*Supplied data*:
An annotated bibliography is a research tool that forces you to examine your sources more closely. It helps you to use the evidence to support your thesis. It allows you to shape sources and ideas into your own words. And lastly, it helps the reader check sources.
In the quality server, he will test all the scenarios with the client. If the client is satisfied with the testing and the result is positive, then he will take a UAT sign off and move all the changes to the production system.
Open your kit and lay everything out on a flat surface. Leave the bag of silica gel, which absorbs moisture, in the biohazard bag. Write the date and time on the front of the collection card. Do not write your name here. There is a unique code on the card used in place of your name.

---

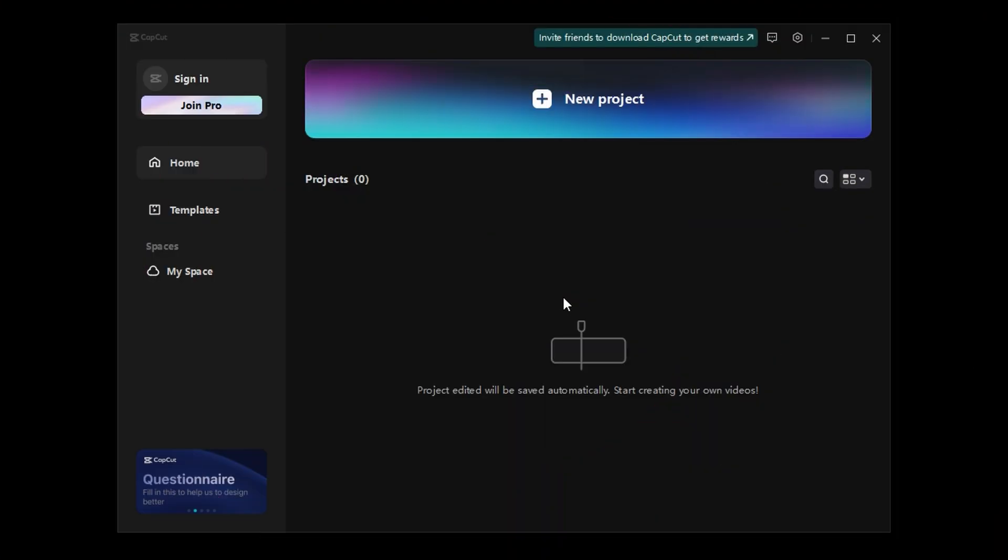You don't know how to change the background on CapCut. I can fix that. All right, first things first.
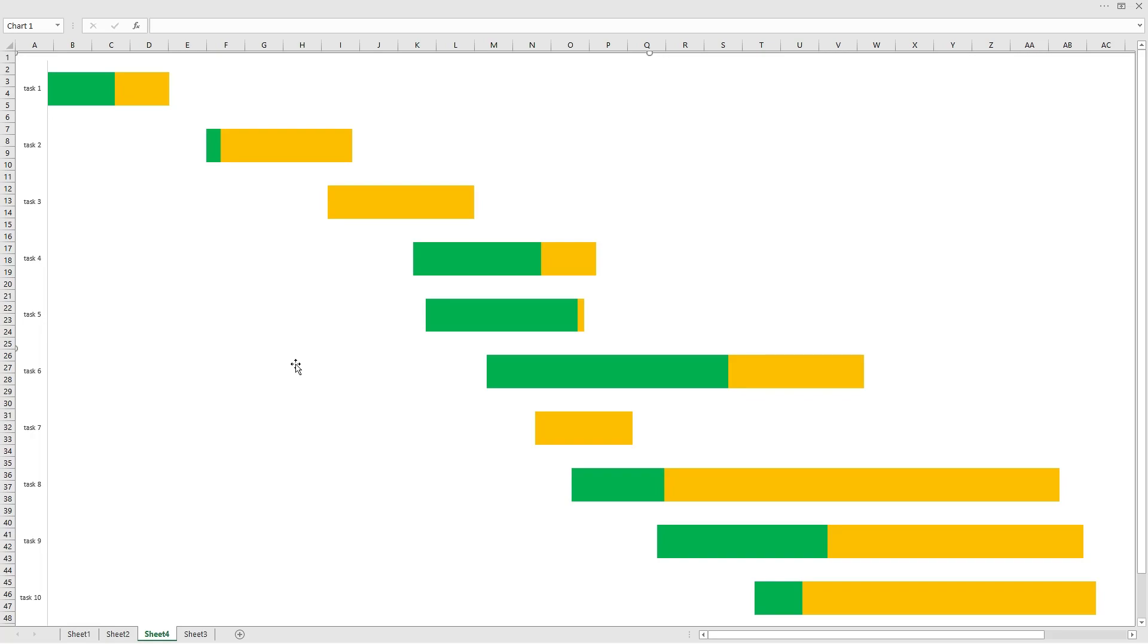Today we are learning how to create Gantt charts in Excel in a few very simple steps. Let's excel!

*Directions*:
In the records above, everything from the line with "You don't know" down to the line with "Today we are" must be duplicated exactly, both lines kept. Leave no pictures in.

*Exercise response*:
You don't know how to change the background on CapCut. I can fix that. All right, first things first.
Today we are learning how to create Gantt charts in Excel in a few very simple steps. Let's excel!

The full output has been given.